The executive director of the African Centre for Energy Policy (ACEP) has been reacting to recent comments made by the GNPC boss, K K Sarpong, about the Aker deal. Why is Ghana’s premier oil company going into partnership with a player he says has no credible record in oil production?

I have followed a series of interviews granted by Dr K K Sarpong, chief executive of Ghana National Petroleum Corporation (GNPC), and sometimes froze, literally, in complete disbelief of what damage he is doing to the country in an attempt to litter the media space with hate for CSOs.

By design or not, he injects more extreme nervousness than I have seen.

The strategy was evident; he pontificates his achievements in public life to sedate the minds of Ghanaians to think that he is doing the right thing with the Aker transaction.

He tries hard to discredit CSOs in the crudest way possible so the public will listen to him, not the CSOs. Additionally, he displays an unpardonable lack of control over the Aker transaction, which makes his amnesia of the history of Aker/AGM in Ghana almost forgivable.

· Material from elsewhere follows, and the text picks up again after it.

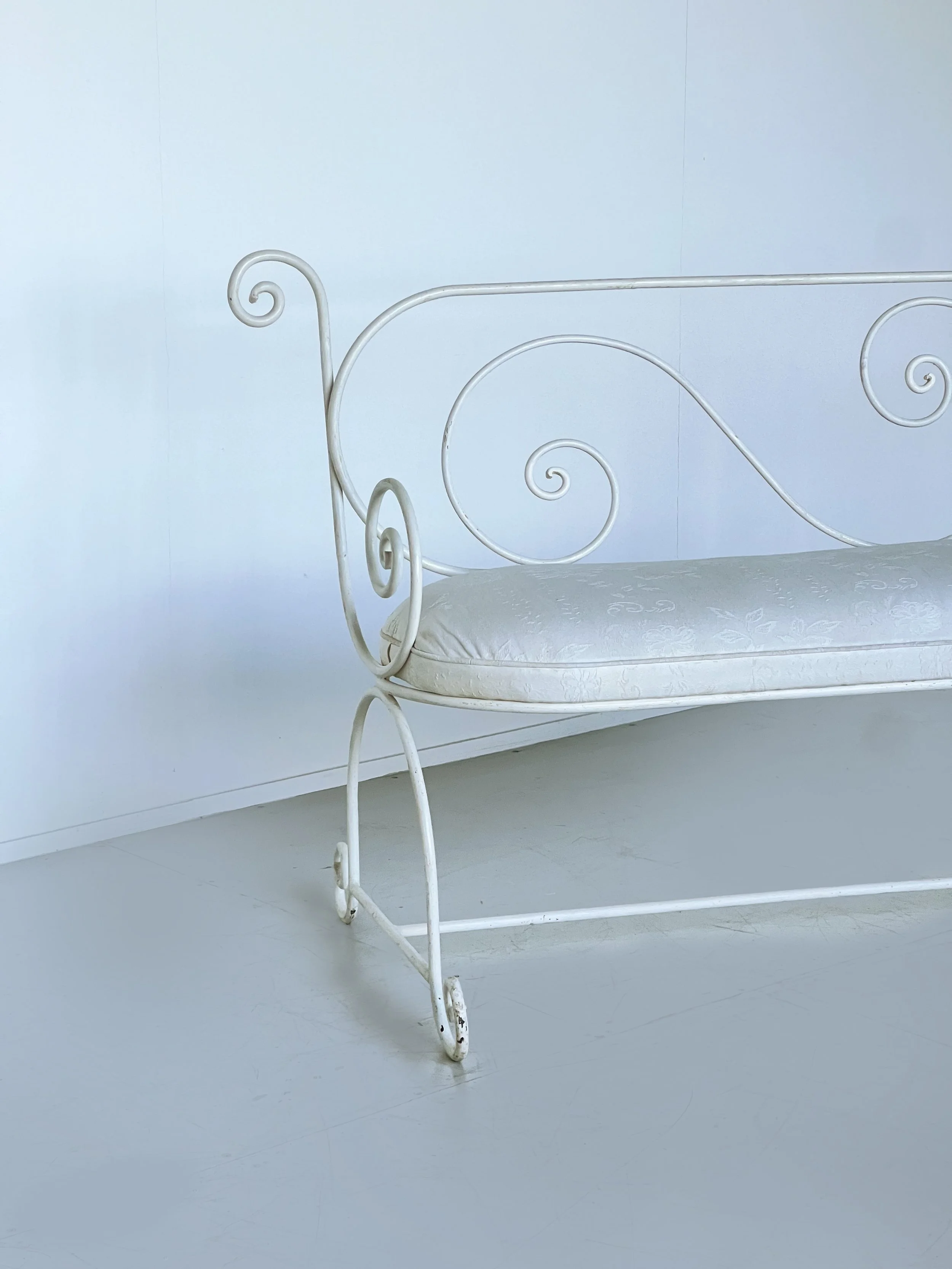 white bench2.jpg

For the avoidance of doubt, CSOs have deliberately abstained from personalising this transaction, but we are capable of descending that lane. On Peace FM, Dr Sarpong claimed an outstanding achievement of consigning Ghana Cocoa Board (COCOBOD) to a debt-procuring enterprise for almost three decades.

Searching for a genius

He owned the idea to syndicate loans to purchase cocoa beans, a practice that has escalated from borrowing hundreds of millions in the 1990s to billions today. Dr Sarpong should note that CSOs will not celebrate his legacy of debt procurement instead of building capital for the trade of a commodity that Ghana continues to play a dominant role in the global supply market.

It is even shocking that the GNPC Kahuna goes way back into time to account for his public life with such surgical precision on what he thinks is public worthy. I would have thought that the most relevant and recent context of his public life to the ongoing Aker transaction is his stewardship of Tema Oil Refinery (TOR).

TOR was handed to Dr Sarpong with total debt of about $400 million. At the time, the state needed a genius to save the company. Not only that, the public was billed, through the TOR Debt Recovery Levy, to support Dr Sarpong to turn the company’s fortunes around. Instead, he left the company with debt of over $1.4 billion, having received about $580 million from the levy.

In 2015, a government committee, with the Bureau of National Investigations (BNI) and KPMG, recommended further investigation into the debt and use of funds at TOR. However, as vulnerable as the Ghanaian public is, he gets rewarded with a more significant portfolio in GNPC.

Here again, his stewardship of the corporation thus far remains a template of “how not to run a national oil company”, which will remain a subject of academic scrutiny for so long. He frustrated ExxonMobil on the selections of a local partner for one whole year, creating inactivity on Exxon’s block until the government compromised on GOIL. Under his watch, the government has paid about $260 million for unutilised domestic gas and flared about $200 million worth of gas in 2020 alone.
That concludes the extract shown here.